**TRY IT**
Your output should consist solely of the lines from the one holding "500 square feet, suitable" to the end of the records below, inclusive, reproduced exactly and free of pictures.

THE RECORDS: Begin

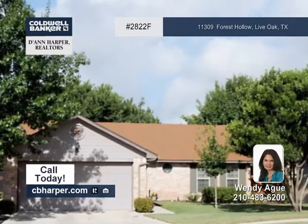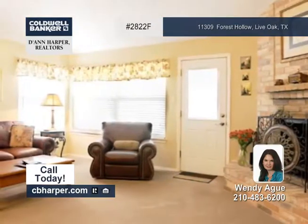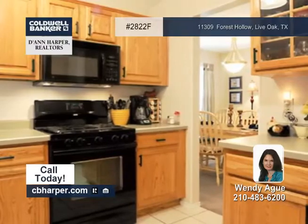This three-bedroom, two-bath home is in pristine condition and in an excellent location. It's tastefully decorated inside where you'll find updated bathrooms, a large master bedroom, and a cheerful kitchen that is the center of the home and includes a gas range.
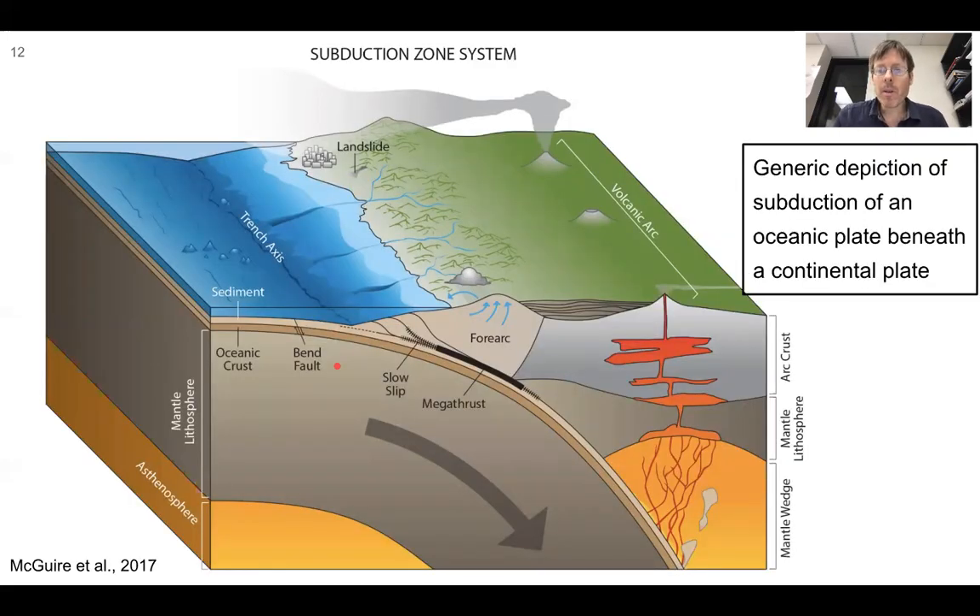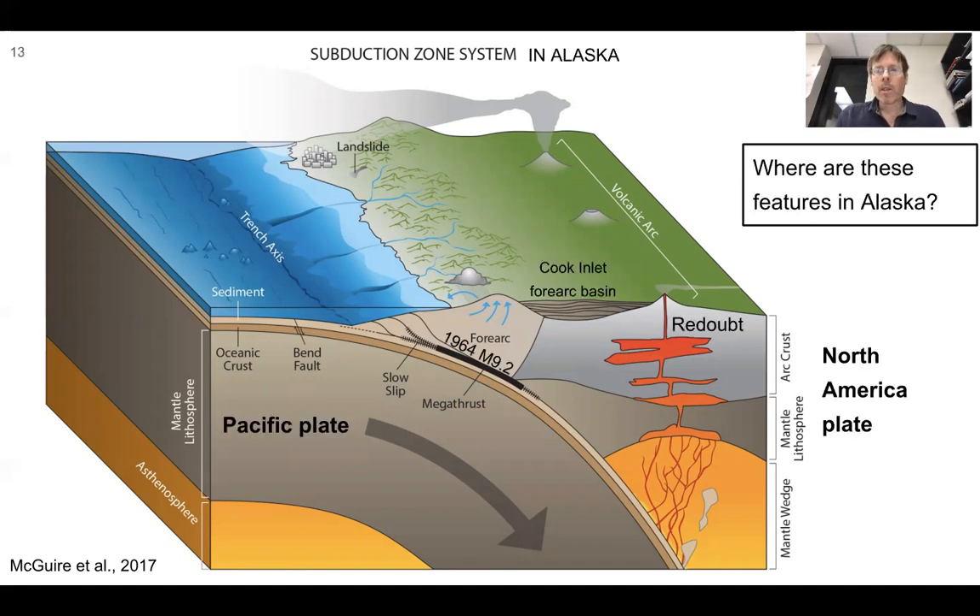Here's a generic picture of a subduction system, central to Alaska because much of Alaska has a subduction plate boundary. In Alaska, the upper plate is the North America plate, and the subducting plate beneath it is the Pacific plate. Picking a profile through Cook Inlet near Anchorage, the fore-arc basin in front of the volcanic arc is Cook Inlet. The megathrust interface is where the 1964 magnitude 9.2 earthquake occurred. Maybe this volcano is Redoubt Volcano. When we see these generic concepts, we want to think about how Alaska fits in.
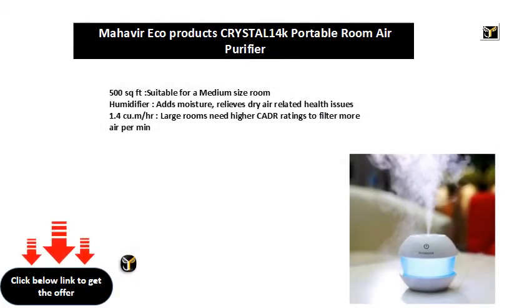500 square feet, suitable for a medium-sized room. This humidifier adds moisture and relieves dry air-related health issues at 1.4 cubic meters per hour. Large rooms need higher CADR ratings to filter more air per minute.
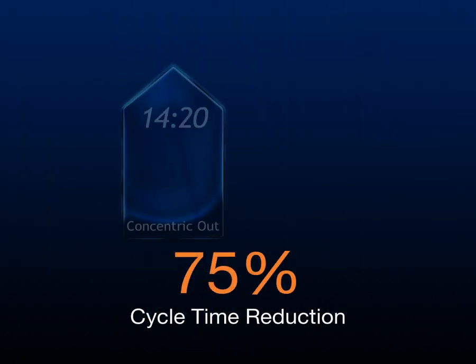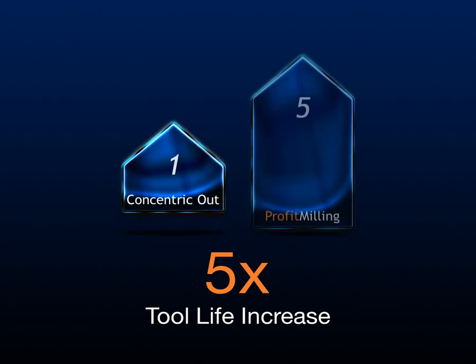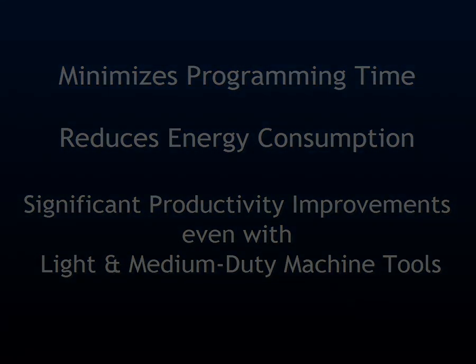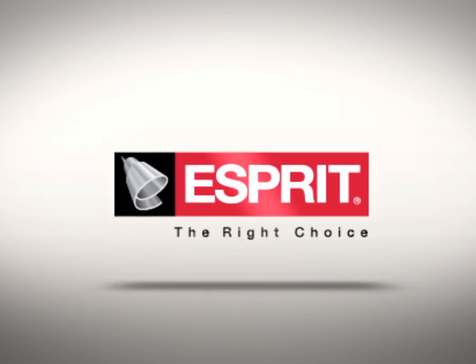Our tests have shown that Profit Milling typically reduces cycle time by 75%, increases tool life by an average of 500%, minimizes programming time, and reduces energy consumption. We've seen the most dramatic benefits using Profit Milling strategies with light to medium duty machine tools. Esprit 2013 — providing you new and enhanced machining technology that ensures smarter, more efficient toolpath for greater overall productivity.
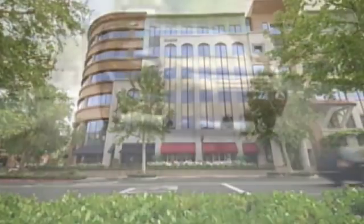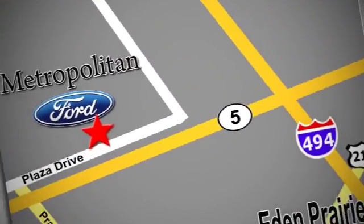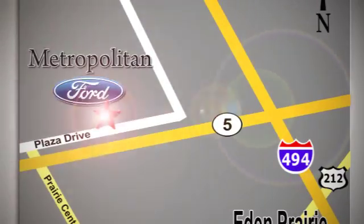Whether you're buying today or just shopping, at Metropolitan Ford you can expect to experience something truly unique. Call or stop in today — we're conveniently located near 494 and Highway 5 in Eaton Prairie.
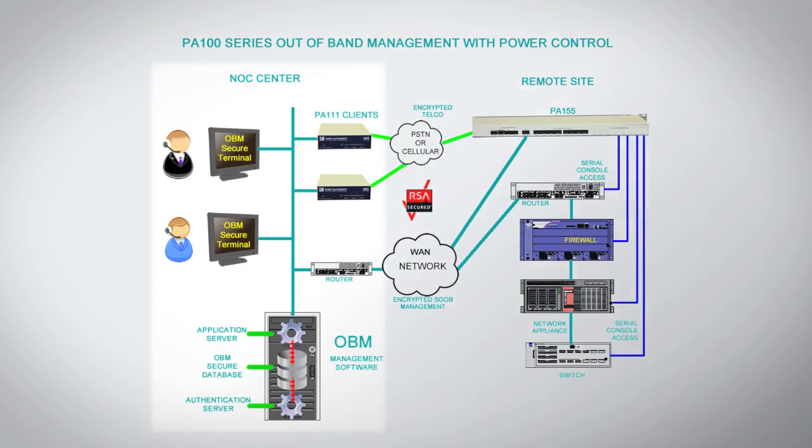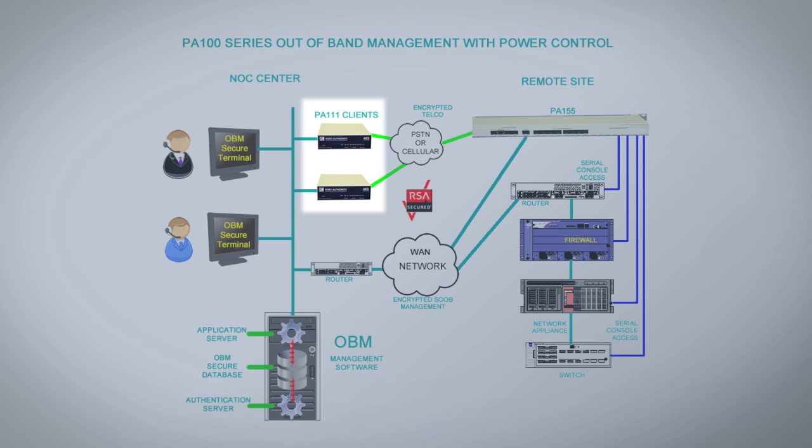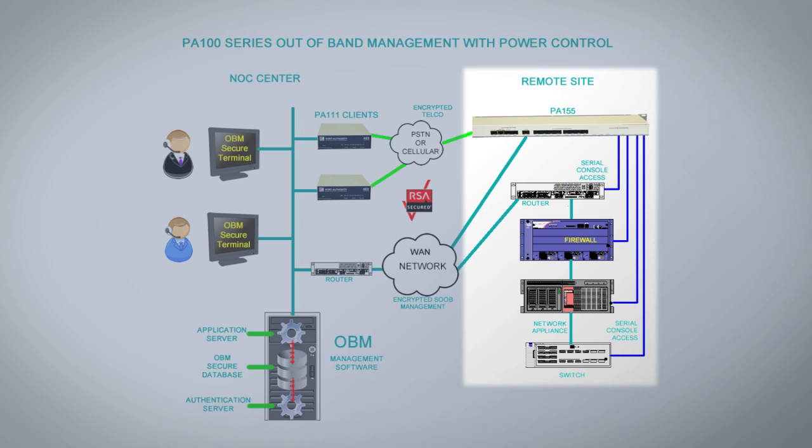A quick overview: we have a NOC center on the left-hand side and a sample remote site on the right-hand side. The NOC center will have several engineers and some of our PA111 client encryptors, which have AES keys built into them. Out at the remote site, we have our out-of-band management device that can handle one to nine serial console interfaces, as well as up to nine power control modules.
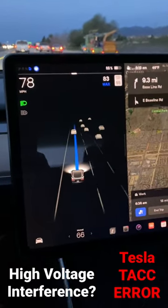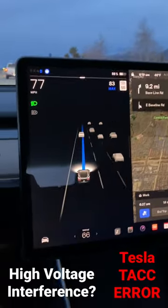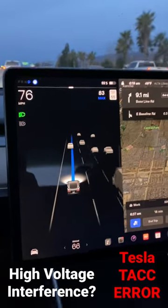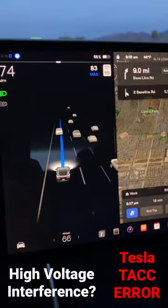All right, here we are again. Traffic-Aware Cruise Control. We're at Navigate by Autopilot — 2018 Tesla Model 3 — and currently the car I'm following is lit up brighter white.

THE RECORDS: End

**ANSWER TO THIS PROBLEM**
500 square feet, suitable for a medium-sized room. This humidifier adds moisture and relieves dry air-related health issues at 1.4 cubic meters per hour. Large rooms need higher CADR ratings to filter more air per minute.
Our tests have shown that Profit Milling typically reduces cycle time by 75%, increases tool life by an average of 500%, minimizes programming time, and reduces energy consumption. We've seen the most dramatic benefits using Profit Milling strategies with light to medium duty machine tools. Esprit 2013 — providing you new and enhanced machining technology that ensures smarter, more efficient toolpath for greater overall productivity.
Whether you're buying today or just shopping, at Metropolitan Ford you can expect to experience something truly unique. Call or stop in today — we're conveniently located near 494 and Highway 5 in Eaton Prairie.
A quick overview: we have a NOC center on the left-hand side and a sample remote site on the right-hand side. The NOC center will have several engineers and some of our PA111 client encryptors, which have AES keys built into them. Out at the remote site, we have our out-of-band management device that can handle one to nine serial console interfaces, as well as up to nine power control modules.
All right, here we are again. Traffic-Aware Cruise Control. We're at Navigate by Autopilot — 2018 Tesla Model 3 — and currently the car I'm following is lit up brighter white.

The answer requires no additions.